| Material to process |

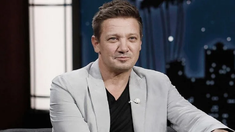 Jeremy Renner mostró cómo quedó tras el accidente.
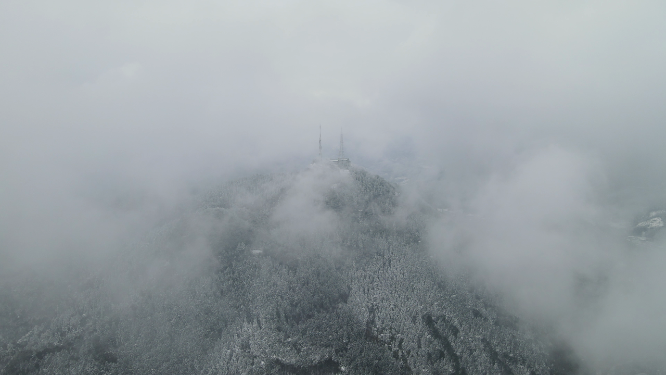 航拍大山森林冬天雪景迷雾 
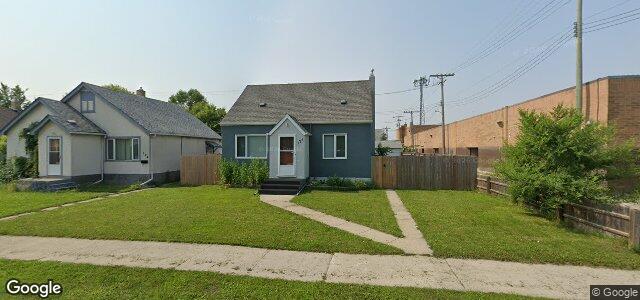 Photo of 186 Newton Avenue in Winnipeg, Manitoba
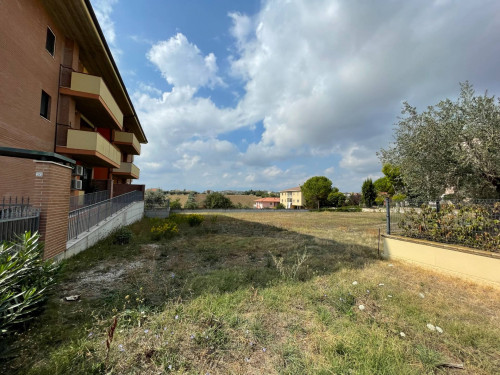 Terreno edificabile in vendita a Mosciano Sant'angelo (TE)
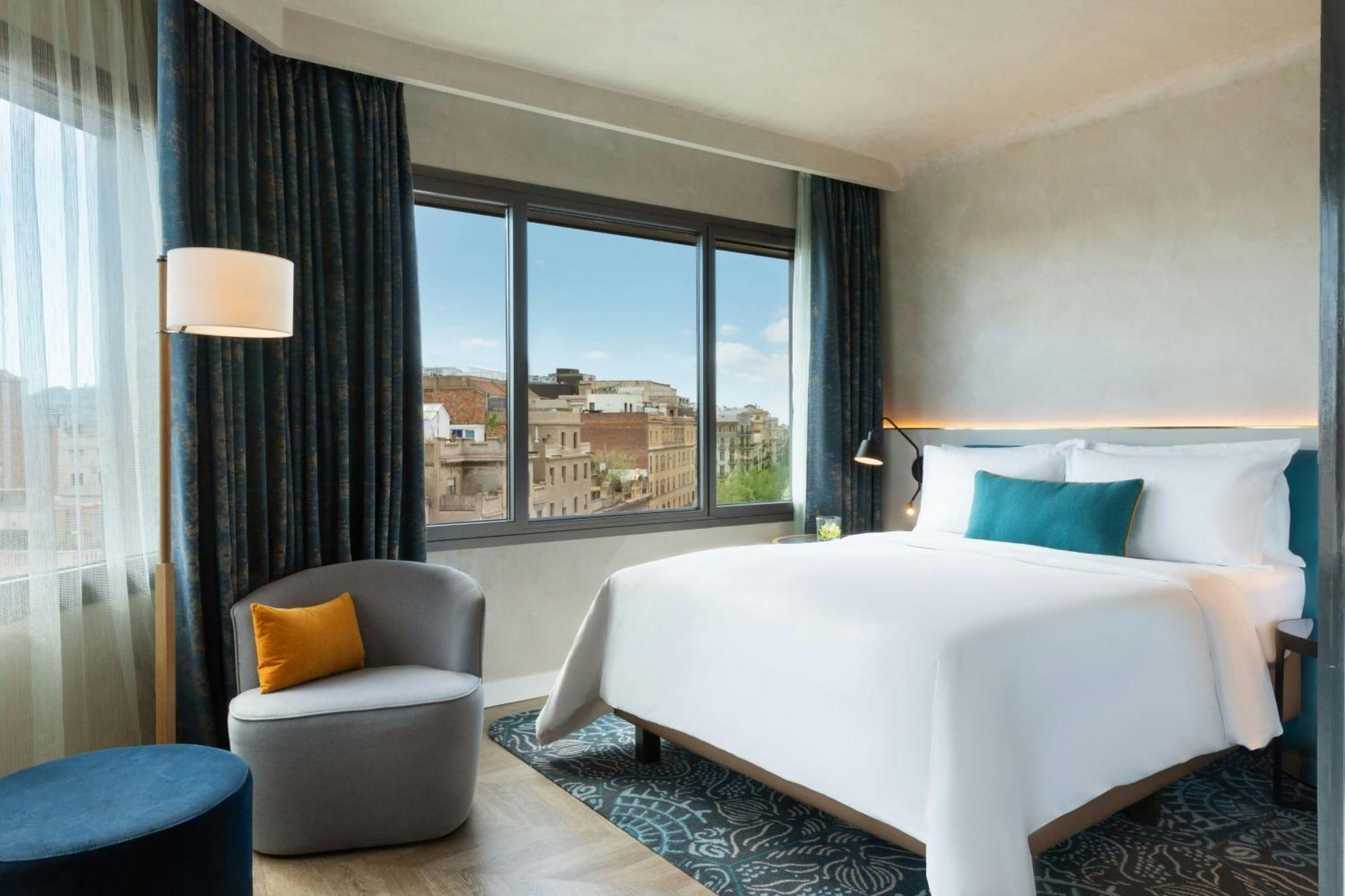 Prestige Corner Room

==

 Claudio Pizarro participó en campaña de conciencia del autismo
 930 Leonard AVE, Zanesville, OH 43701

| About this exercise |
Copy only this from above: the line containing "Jeremy Renner mostró", the line containing "Prestige Corner Room", and all lines between, printed exactly. Leave out the pictures.

| Task output |
 Jeremy Renner mostró cómo quedó tras el accidente.
 航拍大山森林冬天雪景迷雾 
 Photo of 186 Newton Avenue in Winnipeg, Manitoba
 Terreno edificabile in vendita a Mosciano Sant'angelo (TE)
 Prestige Corner Room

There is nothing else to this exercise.